*** DATA PROVIDED ***

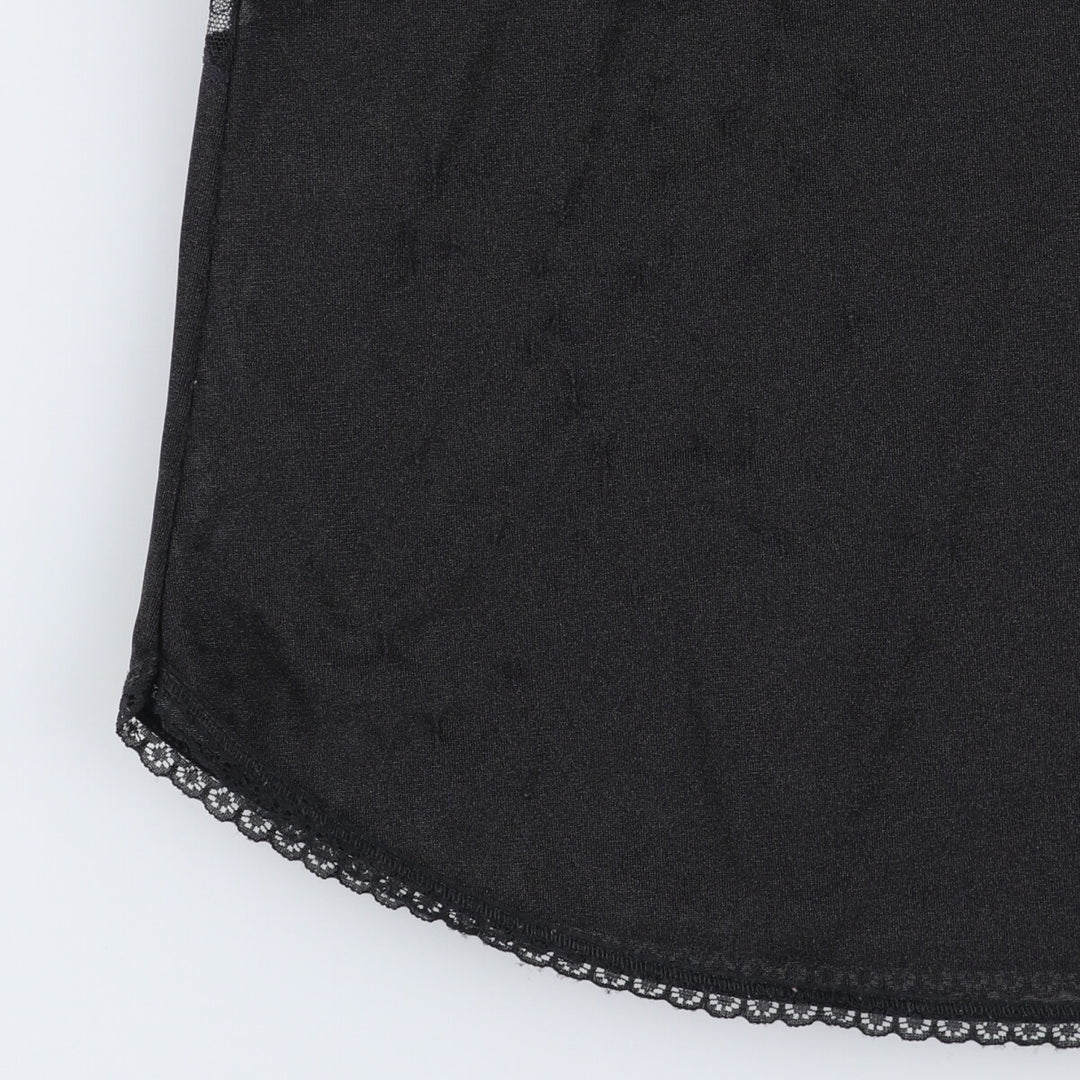 Lace lingerie camisole, women's size S Nylon black type Vintage Second Hand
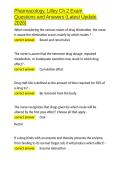 Pharmacology&comma; Lilley Ch 2 Exam Questions and Answers &lpar;Latest Update 2026&rpar;&period;docx
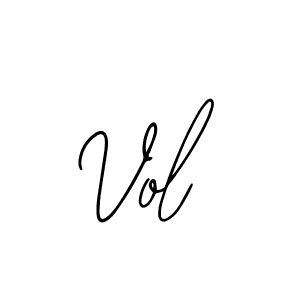 How to make Vol name signature. Use Bearetta-2O07w style for creating short signs online. This is the latest handwritten sign. Vol signature style 12 images and pictures png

***

All of the data above is to be repeated exactly, with the pictures left out.

 Lace lingerie camisole, women's size S Nylon black type Vintage Second Hand
 Pharmacology&comma; Lilley Ch 2 Exam Questions and Answers &lpar;Latest Update 2026&rpar;&period;docx
 How to make Vol name signature. Use Bearetta-2O07w style for creating short signs online. This is the latest handwritten sign. Vol signature style 12 images and pictures png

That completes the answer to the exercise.